This article is the first of two in a blog series, that describes the journey of data science interns, Dieudonné Niyitanga and Samuel Mutinda during their placement at a large bank in Rwanda. This article describes two of the data solutions they worked on: an analysis of churn among bank customers and a sentiment analysis using external social media data.

The churn challenge

For any bank, customer satisfaction and retention are important. Customer sign-up represents a significant cost for a bank; and customers who churn (meaning they stop using their bank products within a specific period) mean the bank doesn’t earn sufficient income to cover those upfront costs. Understanding patterns in churn behaviour can allow the bank to identify areas of product and service dissatisfaction and can allow the bank to better forecast its operations and profits.

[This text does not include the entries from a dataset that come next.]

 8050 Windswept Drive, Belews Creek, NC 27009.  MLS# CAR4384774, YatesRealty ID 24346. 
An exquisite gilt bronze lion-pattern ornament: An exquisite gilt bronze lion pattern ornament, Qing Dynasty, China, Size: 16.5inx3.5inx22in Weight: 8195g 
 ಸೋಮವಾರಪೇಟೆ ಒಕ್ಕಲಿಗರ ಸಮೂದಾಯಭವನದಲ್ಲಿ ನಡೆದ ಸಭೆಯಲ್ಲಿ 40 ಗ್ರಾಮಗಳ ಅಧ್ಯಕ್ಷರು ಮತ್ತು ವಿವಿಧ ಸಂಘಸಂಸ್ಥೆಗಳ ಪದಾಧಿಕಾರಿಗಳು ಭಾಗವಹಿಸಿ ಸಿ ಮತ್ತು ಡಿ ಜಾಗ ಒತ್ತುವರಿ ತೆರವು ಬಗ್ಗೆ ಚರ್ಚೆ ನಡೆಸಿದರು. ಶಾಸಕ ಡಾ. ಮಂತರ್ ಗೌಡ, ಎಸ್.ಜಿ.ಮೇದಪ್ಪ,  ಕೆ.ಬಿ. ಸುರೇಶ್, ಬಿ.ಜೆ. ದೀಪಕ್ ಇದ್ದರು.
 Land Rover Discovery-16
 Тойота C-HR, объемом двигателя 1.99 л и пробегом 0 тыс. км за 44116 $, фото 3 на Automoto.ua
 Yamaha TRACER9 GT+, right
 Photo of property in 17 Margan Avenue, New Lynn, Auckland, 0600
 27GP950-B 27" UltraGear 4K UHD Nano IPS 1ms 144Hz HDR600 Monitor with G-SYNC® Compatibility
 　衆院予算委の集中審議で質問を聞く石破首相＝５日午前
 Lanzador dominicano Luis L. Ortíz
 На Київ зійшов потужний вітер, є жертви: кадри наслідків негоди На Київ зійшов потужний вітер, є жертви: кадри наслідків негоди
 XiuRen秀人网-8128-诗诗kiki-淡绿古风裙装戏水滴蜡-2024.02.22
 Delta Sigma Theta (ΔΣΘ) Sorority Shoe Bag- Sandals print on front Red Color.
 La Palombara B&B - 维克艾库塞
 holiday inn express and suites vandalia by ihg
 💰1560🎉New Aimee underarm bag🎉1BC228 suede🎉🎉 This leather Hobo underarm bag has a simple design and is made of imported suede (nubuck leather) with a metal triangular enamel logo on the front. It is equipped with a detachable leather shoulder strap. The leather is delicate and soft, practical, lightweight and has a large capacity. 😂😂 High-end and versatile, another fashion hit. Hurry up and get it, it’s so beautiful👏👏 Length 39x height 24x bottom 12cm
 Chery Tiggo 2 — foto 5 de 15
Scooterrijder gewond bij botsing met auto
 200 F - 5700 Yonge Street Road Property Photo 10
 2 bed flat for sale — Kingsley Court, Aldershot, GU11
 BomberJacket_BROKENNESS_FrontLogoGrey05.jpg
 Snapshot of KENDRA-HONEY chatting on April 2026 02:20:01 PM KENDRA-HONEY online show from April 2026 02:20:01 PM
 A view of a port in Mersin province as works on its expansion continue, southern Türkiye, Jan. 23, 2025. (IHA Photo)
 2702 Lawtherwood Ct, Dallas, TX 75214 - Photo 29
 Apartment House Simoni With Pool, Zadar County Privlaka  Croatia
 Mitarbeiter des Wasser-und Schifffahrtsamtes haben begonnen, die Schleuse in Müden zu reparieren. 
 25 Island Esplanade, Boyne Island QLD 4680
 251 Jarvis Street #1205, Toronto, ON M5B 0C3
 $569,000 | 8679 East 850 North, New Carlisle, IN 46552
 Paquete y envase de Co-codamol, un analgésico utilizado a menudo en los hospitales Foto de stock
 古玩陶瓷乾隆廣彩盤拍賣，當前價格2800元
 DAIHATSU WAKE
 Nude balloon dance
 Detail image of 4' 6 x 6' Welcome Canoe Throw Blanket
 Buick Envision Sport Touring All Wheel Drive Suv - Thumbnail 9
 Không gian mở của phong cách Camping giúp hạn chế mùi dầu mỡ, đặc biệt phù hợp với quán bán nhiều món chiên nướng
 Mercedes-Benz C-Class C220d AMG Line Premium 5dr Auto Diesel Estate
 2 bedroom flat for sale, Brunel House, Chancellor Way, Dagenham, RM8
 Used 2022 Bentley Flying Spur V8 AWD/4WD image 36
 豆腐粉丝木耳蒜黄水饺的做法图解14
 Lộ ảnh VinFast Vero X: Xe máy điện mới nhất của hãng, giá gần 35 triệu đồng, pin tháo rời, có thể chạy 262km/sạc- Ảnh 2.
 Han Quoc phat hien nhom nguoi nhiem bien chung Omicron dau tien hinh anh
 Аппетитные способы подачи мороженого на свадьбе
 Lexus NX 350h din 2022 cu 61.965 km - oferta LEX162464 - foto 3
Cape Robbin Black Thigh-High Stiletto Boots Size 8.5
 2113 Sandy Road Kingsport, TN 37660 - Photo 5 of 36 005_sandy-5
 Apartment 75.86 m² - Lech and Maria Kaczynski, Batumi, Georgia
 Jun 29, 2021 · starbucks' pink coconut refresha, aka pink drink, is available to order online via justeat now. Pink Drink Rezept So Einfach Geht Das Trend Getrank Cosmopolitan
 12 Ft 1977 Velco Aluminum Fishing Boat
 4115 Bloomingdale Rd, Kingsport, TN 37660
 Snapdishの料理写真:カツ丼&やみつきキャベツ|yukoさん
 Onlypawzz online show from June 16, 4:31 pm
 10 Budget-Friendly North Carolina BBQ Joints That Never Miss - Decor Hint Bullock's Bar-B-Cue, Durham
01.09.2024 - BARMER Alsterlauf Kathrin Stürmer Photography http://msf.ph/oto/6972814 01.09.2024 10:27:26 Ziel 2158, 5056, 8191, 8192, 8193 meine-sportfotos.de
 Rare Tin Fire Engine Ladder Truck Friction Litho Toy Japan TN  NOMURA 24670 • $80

Understanding this behaviour is relevant for the activities of multiple departments, ranging from marketing and customer service to the various product departments.

The bank therefore identified the need to leverage existing data to perform churn analysis, to determine the common behaviours of customers who stop using their banking products. This then allows various departments in the bank to pre-emptively target customers who exhibit these behaviours so as to better serve and retain them. Ultimately, this will result in increased business value for the bank and better value financial services for its customers.

Customer data

For this data use case, we used internal data assets already collected and owned by the bank between 2014 and 2018. This consisted firstly of static customer demographics data and secondly of dynamic transaction history data. The variables in the customer demographics data – stored in the bank’s customer relationship management (CRM) database – included information such as sex, age, type of customer (such as individual versus corporate), number and type of products, and date of first becoming a bank customer. 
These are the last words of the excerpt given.